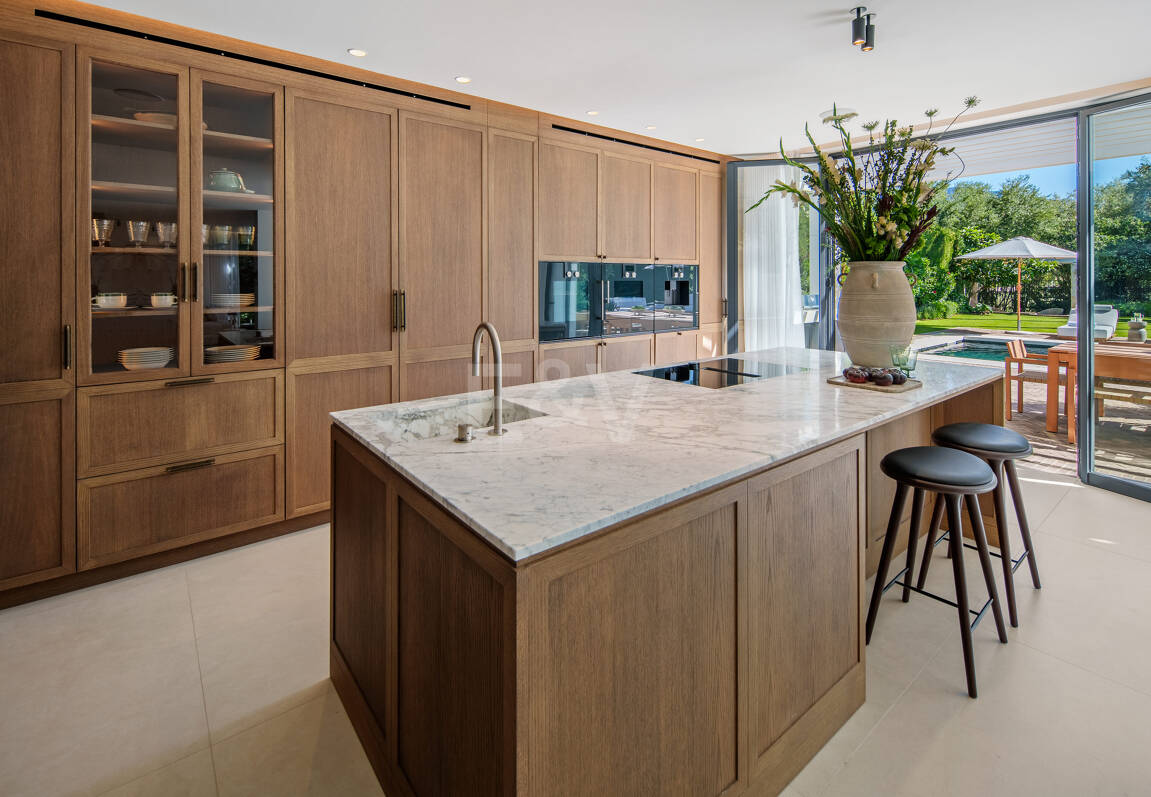 Nglish Stylowe Contemporary Frontline Golf Villa w Las Brisas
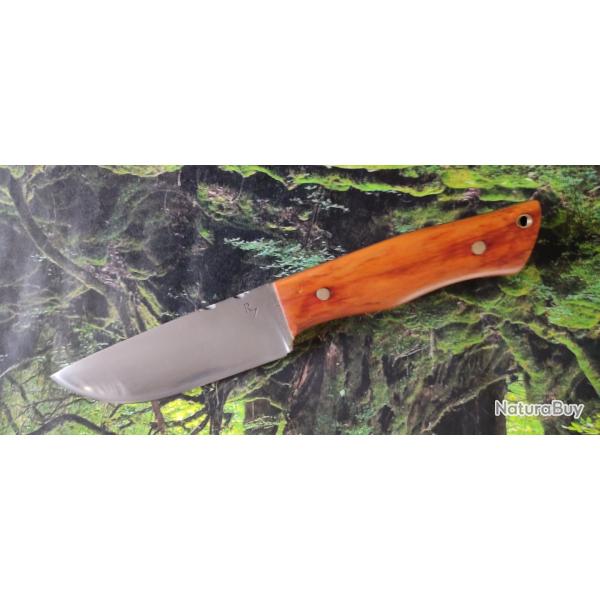 Couteau bushcraft forg�, manche en If + �tui en cuir ENSEMBLE ARTISANAL !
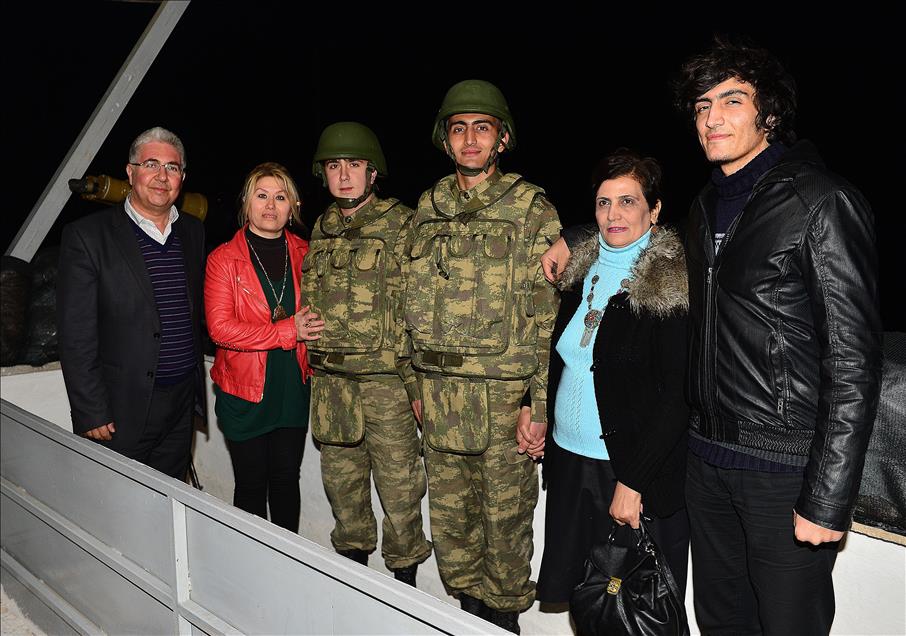 Mehmetçik sınırda ailesiyle hasret giderdi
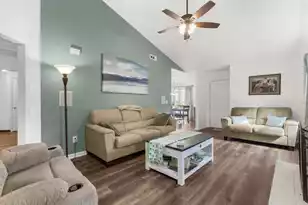 121 Mill Pond Ct, Summerville, SC 29485 - Photo 3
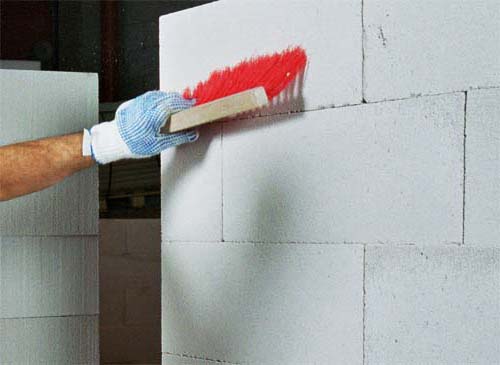 Как оштукатурить стены из газобетонных блоков?
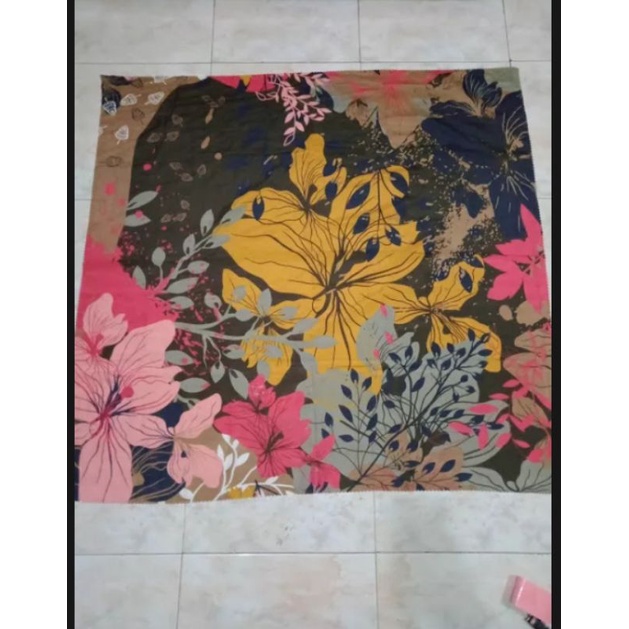 HIJAB SEGI EMPAT MY LADY MOTIF JAMINA  SUPER PERMIUM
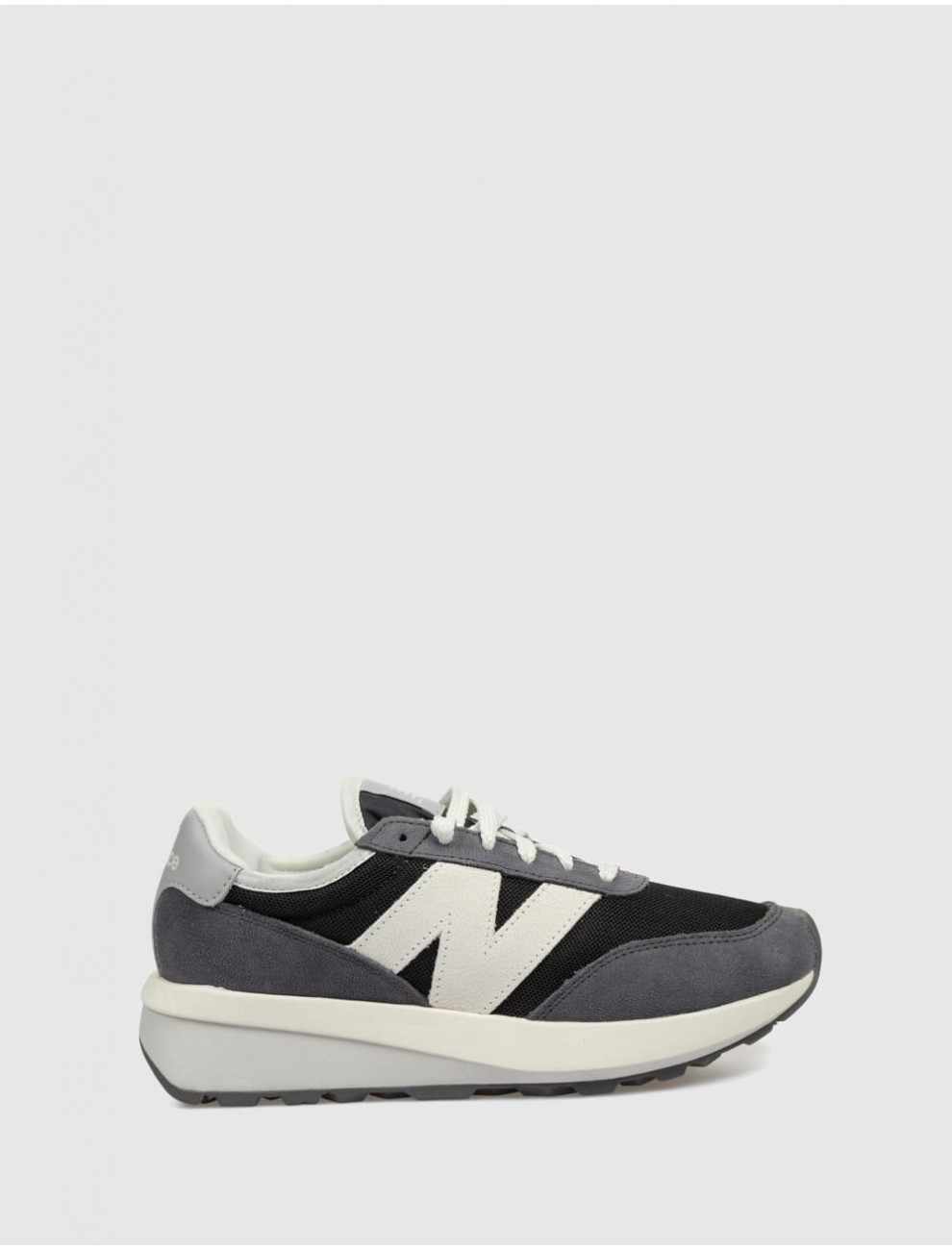 ZAPATILLA NEW BALANCE U370 NEGRO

————————

- **Task**: Give back the material above exactly as it appears, minus any picture.

- **Result**:
 Nglish Stylowe Contemporary Frontline Golf Villa w Las Brisas
 Couteau bushcraft forg�, manche en If + �tui en cuir ENSEMBLE ARTISANAL !
 Mehmetçik sınırda ailesiyle hasret giderdi
 121 Mill Pond Ct, Summerville, SC 29485 - Photo 3
 Как оштукатурить стены из газобетонных блоков?
 HIJAB SEGI EMPAT MY LADY MOTIF JAMINA  SUPER PERMIUM
 ZAPATILLA NEW BALANCE U370 NEGRO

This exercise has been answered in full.